Los límites son muy inestables, en realidad. Son lugares de duda y donde el raciocinio se quiebra o se afianza con una lealtad de acero. Muchos de ellos son proporcionados por nuestros padres, nuestros primero artesanos que nos cargan desde pequeños con una mochila llena de muchísimas cosas, cosas que aprenderemos a querer y otras que aprenderemos a odiar. Los límites, por lo general, son aceptados casi en su totalidad con una entereza increíble por el niño modelo. Digo casi porque, y es casi una obviedad a este punto, el niño que fue Eduardo pasó por una pubertad y una consecuente adolescencia que hizo que rompiera y reforjara gran cantidad de cosas que tenía en su mochila, muchos límites incluídos, pero no todos, ni por lejos la mitad.

Eduardo estaba muy cómodo con algunos de ellos. Por ejemplo, el límite de la gravedad y del respeto a la electricidad ni se le ocurrió tocarlos, más que nada por miedo y por empiria que por otra cosa. El límite respecto a lo estéticamente agradable, por otro lado, sufrió una buena mutación.

Existen límites para todo, y no por esto nos tenemos que pensar enjaulados o atados: nuestro aparato óseo enjaula gran parte de nuestros órganos y no nos sentimos suprimidos por él; quizá porque nos ayuda a movernos en consecuencia, o quizá porque sin él seríamos una masa amorfa.

La analogía con el esqueleto es casi evidente. Los límites nos constituyen tanto como cualquier otro órgano vital, y nos creemos imposibles de vivir sin él. Éste, el límite de que un hombre no puede vivir sin sus huesos, es quizás el abuelo de los límites, el más inamovible y el más necesario para armar todo el andamiaje del resto de los límites.

Existe una idea que al autor se le antoja un poco macabra: la idea (o el límite) de que la condición humana esté atada a los límites propios. Quizá toda idea, como escribí más arriba, es solamente un límite en potencia. Después de haber escrito respecto a la falta de objetividad y a la doble generación de subjetividad (y la retroalimentación de ésta), es difícil ponerse dogmático y enunciar máximas para la posteridad. Además, también se torna difícil escribir, pero no por eso imposible.

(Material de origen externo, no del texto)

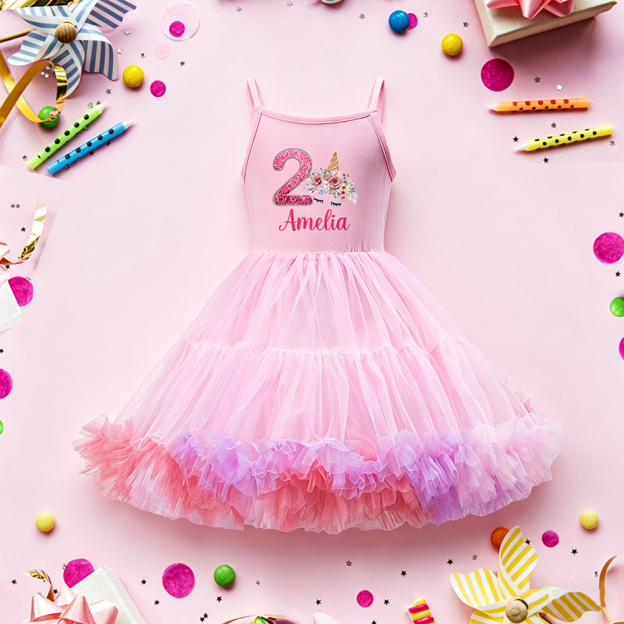 Personalized Girl Birthday Unicorn Tutu Dress| Dress89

Pensemos en los límites que vivimos en el día a día, ejercicio didáctico mediante. El límite de ir al baño, el de alimentarse, el de enamorarse, el de mirar o no la calle al cruzar, el de sentirse molesto ante determinada cosa, el de desagrado ante un olor, el de cansancio.

Nos despedimos nuevamente, querido lector, recordándole que por favor se aleje de la nicotina. Ese también es otro límite que más tarde me valdré de explorar.